Activity
For the data that follows, return each line unchanged and drop the pictures.

Supplied information
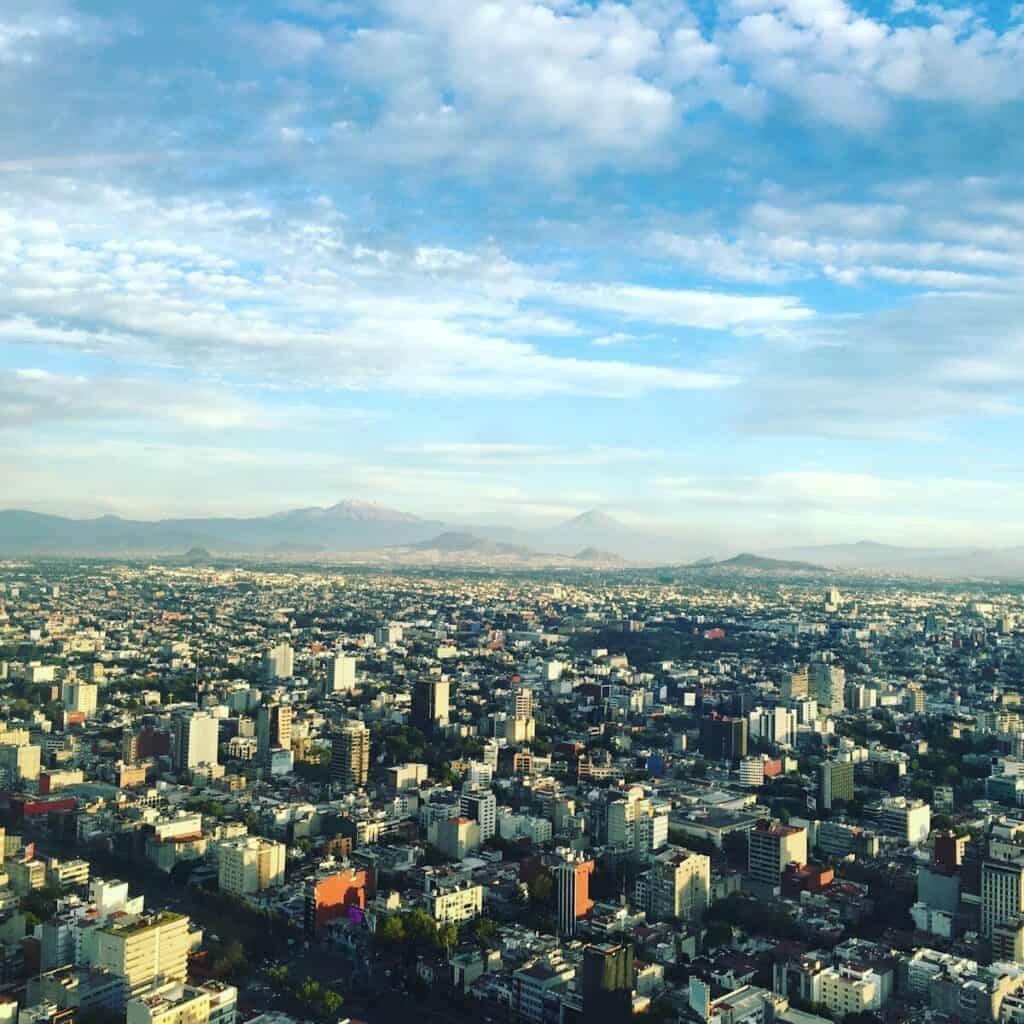 Aerial view of Mexico City with high-rise buildings, mountains, and a wide blue sky.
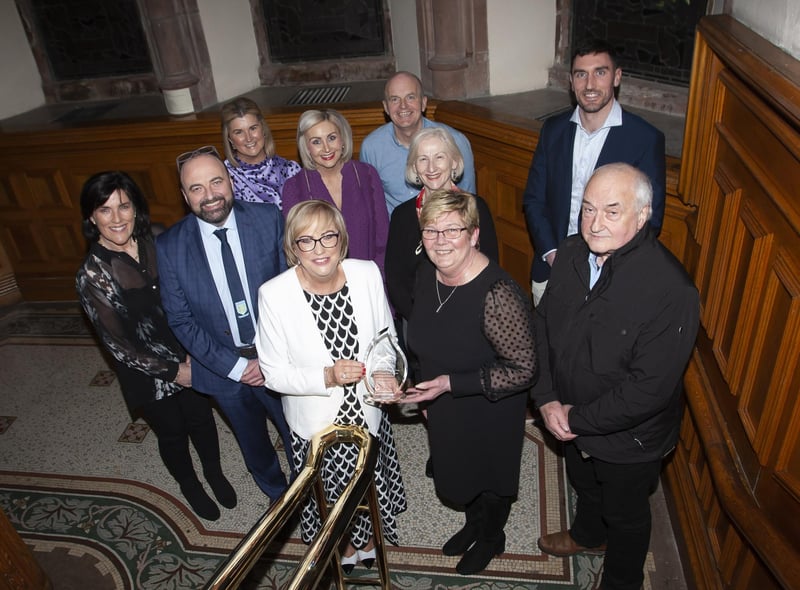 Carmel Dunn, former Principal of Hollybush PS pictured with members of the board of governors and staff from the school during Wednesday’s Mayoral Reception in the Guildhall.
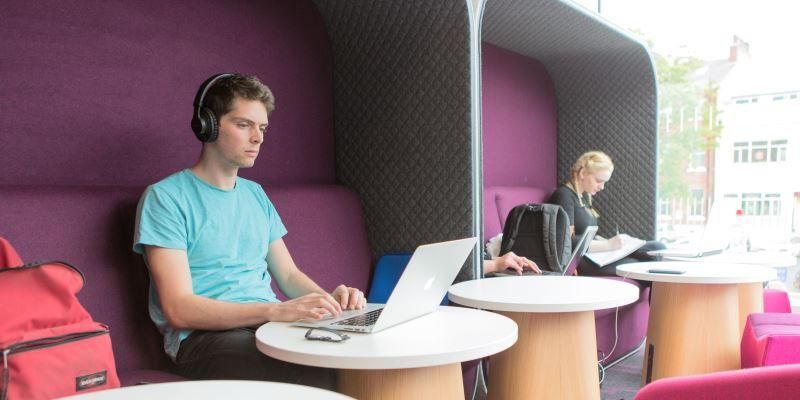 Two students sat near a window on high backed furniture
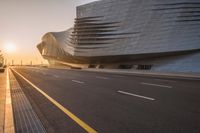 street with the sun setting and a building in the background that is the curve of a large structure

Response area
 Aerial view of Mexico City with high-rise buildings, mountains, and a wide blue sky.
 Carmel Dunn, former Principal of Hollybush PS pictured with members of the board of governors and staff from the school during Wednesday’s Mayoral Reception in the Guildhall.
 Two students sat near a window on high backed furniture
 street with the sun setting and a building in the background that is the curve of a large structure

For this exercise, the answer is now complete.